Desde la atalaya inversa de la vejez nos hablaba anoche Marguerite Duras. Sus ojos y sus gestos decían más que las palabras que con gran esfuerzo pronunciaba. Un mundo de arrugas faciales, una garganta rota y unos ojos sabios y sin futuro.
Tuve la impresión de que toda su persona estaba en sus novelas y que éstas, las novelas, no le pertenecían: eran algo ajeno a ella, intuiciones, bosquejos, nebulosos retratos de la personalidad a la que no podía acceder fuera del acto mismo de la escritura.
Asistía Marguerite a la proyección de antiguas entrevistas con el interés y la emoción de quien escucha a alguien admirado pero casi desconocido u olvidado. Creo que en su interior deploraría la estulticia de aquellos entrevistadores que una y mil veces trataban de anecdotizar lo insondable.

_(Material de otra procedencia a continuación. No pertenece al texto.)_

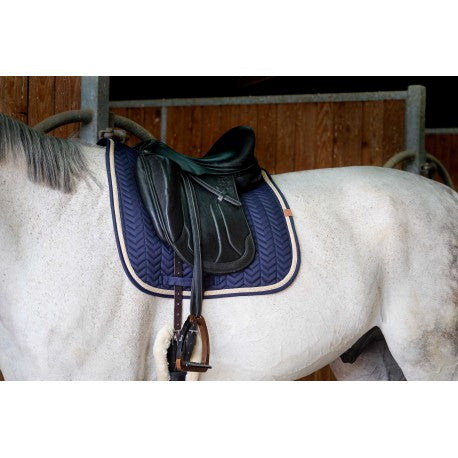 Mantillas "Softy" - Equithème para equitación - vista 2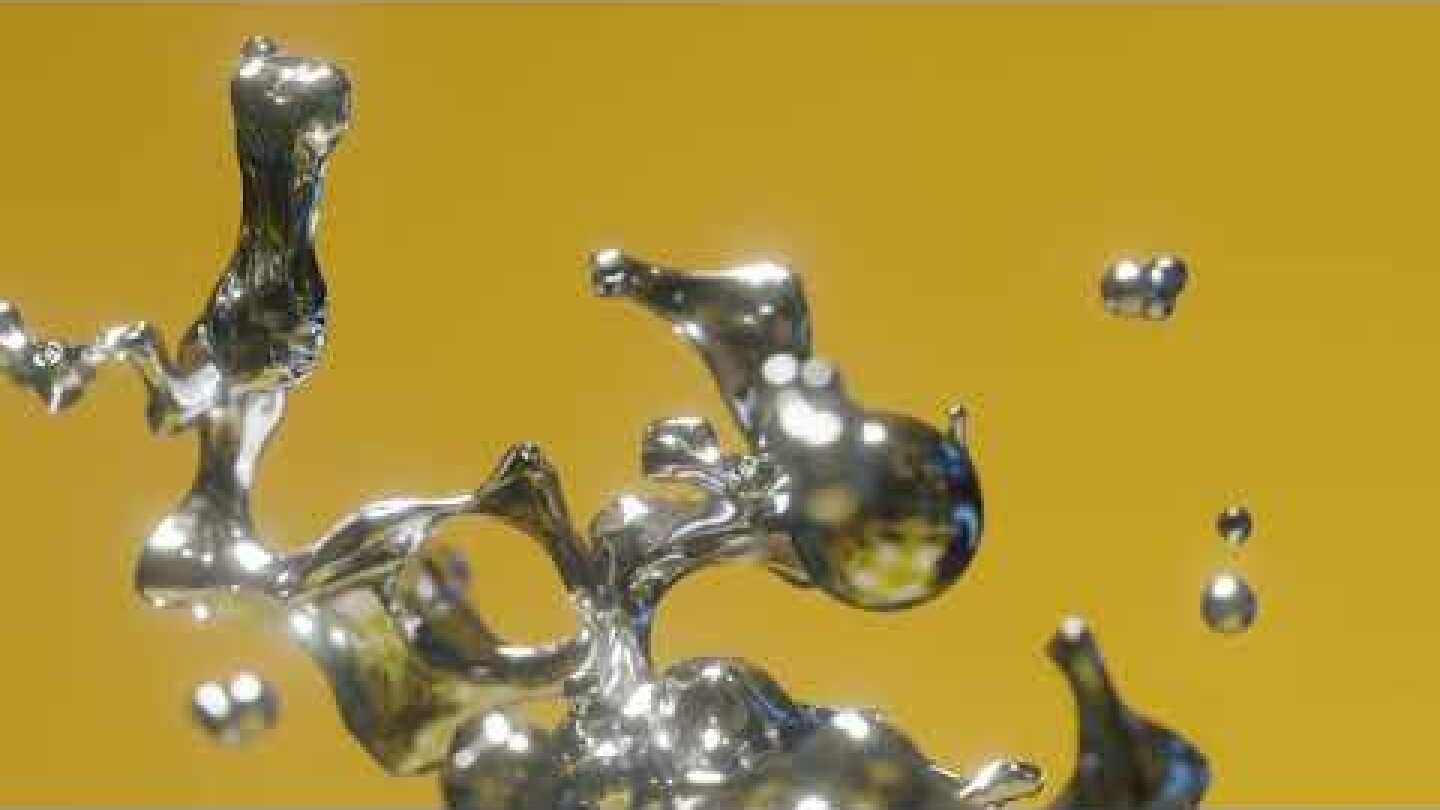 Kasper Bjørke feat. Systur (Sísý Ey): Conversations (Official Visualiser)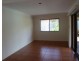 14 Foote Street, Redland Bay QLD 4165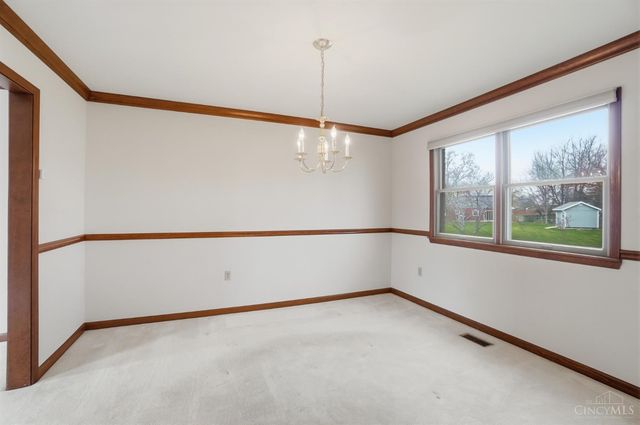 7304 Cannon Court, West Chester, OH 45069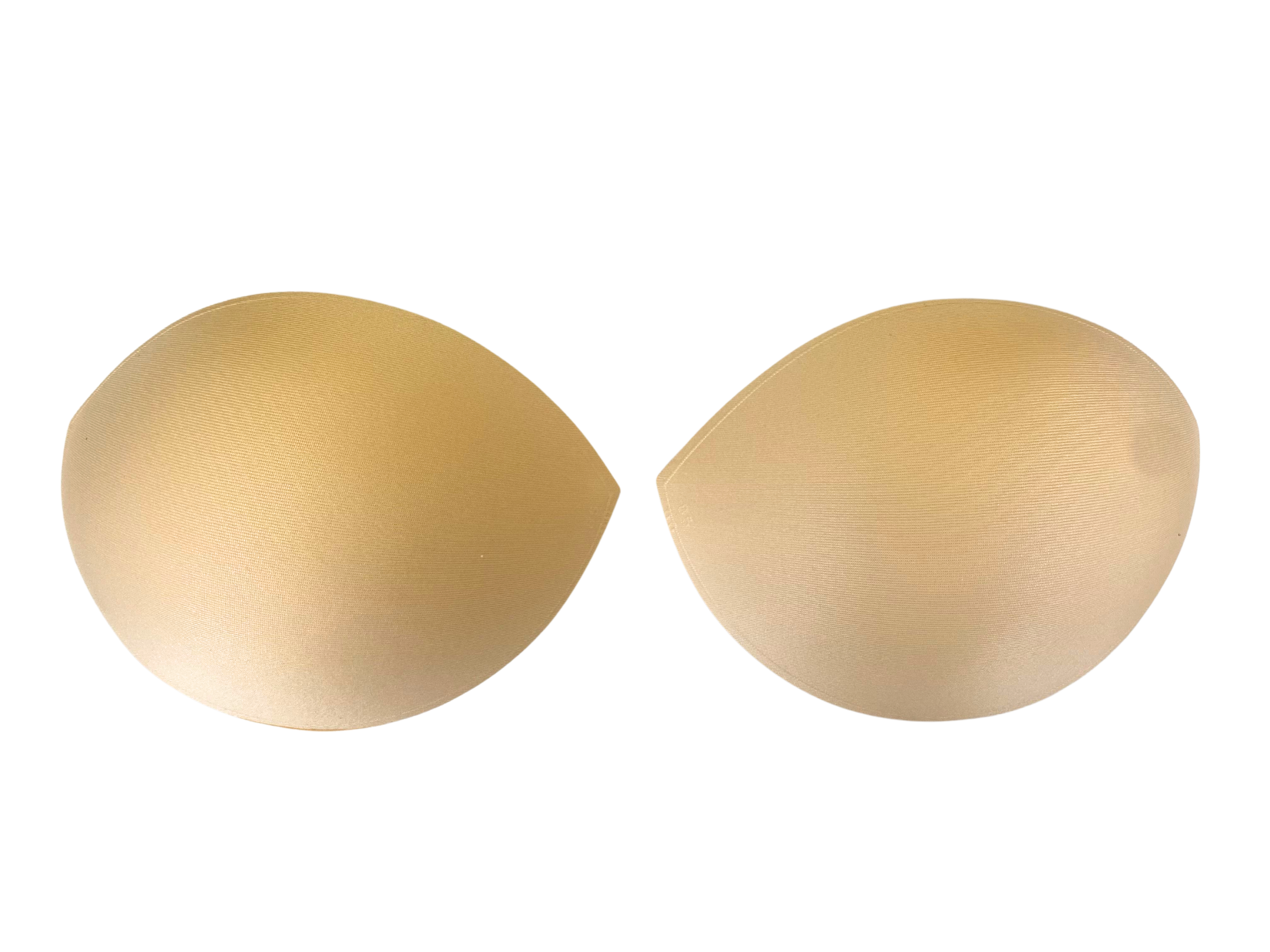 Simple Bra Cup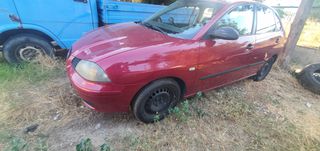 Seat ibiza 1.4TDI-thumb-1
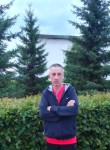 Wiktor, 51 год, Омск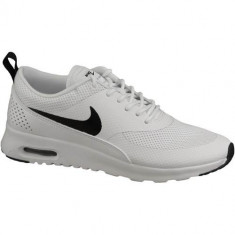 Pantofi Femei Nike Wmns Air Max Thea 599409103 foto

Ella, mientras, trataba de averiguar si en aquellas ocasiones dijo algo que le pudiera dar la clave de lo que aún seguía sin entender. En el fondo, late la locura, la esquizofrenia del escritor verdadero.
Recuerdo alguna frase que me impactó: “Cuando se escribe algo que en su momento fue traumático deja de serlo, se olvida o se metaboliza”. Interpreté que las cosas que te suceden cuando las transformas en literatura dejan de pertenecerte, ya no te han sucedido a ti, hay un proceso de transferencia liberador hacia el personaje de la novela que eres tú sin serlo.
Y hay otra cosa que me llamó la atención porque seguramente está en la base de mi misoginia soterrada. Me atrajo y me tranquilizó al mismo tiempo. Estoy tratando de decir que “en la mujer” hay siempre “otra mujer” que se me escapa, que no llego a entender y que me asusta. Supongo que nos debe pasar a casi todos los hombres y de ahí, de la debilidad no asumida nace la represión y el salvajismo hacia las mujeres. No se trata de un reconocimiento a la superioridad femenina: hablo de miedo, de oscuridad, de resortes ocultos, de lazos con el otro lado del espejo, de la cara oculta de la Luna.
Me pareció pues, que Marguerite Duras, desde sus años o desde su lucidez senil, compartía ese pánico: la intuición terrible de su otro yo que le ha empujado a escribir situaciones que dice haber vivido pero que le siguen resultando ajenas, extrañas y que, necesariamente, ha de encarnar en actores literarios para liberarse de su maleficio.
Sentí vergüenza conmiserativa hacia los dos hombres que aparecían junto a ella en la pantalla y que no rozaban siquiera la personalidad de la escritora.
Tangentes estúpidas sobre un círculo negro con una mancha amarilla en el centro: el origen del caos.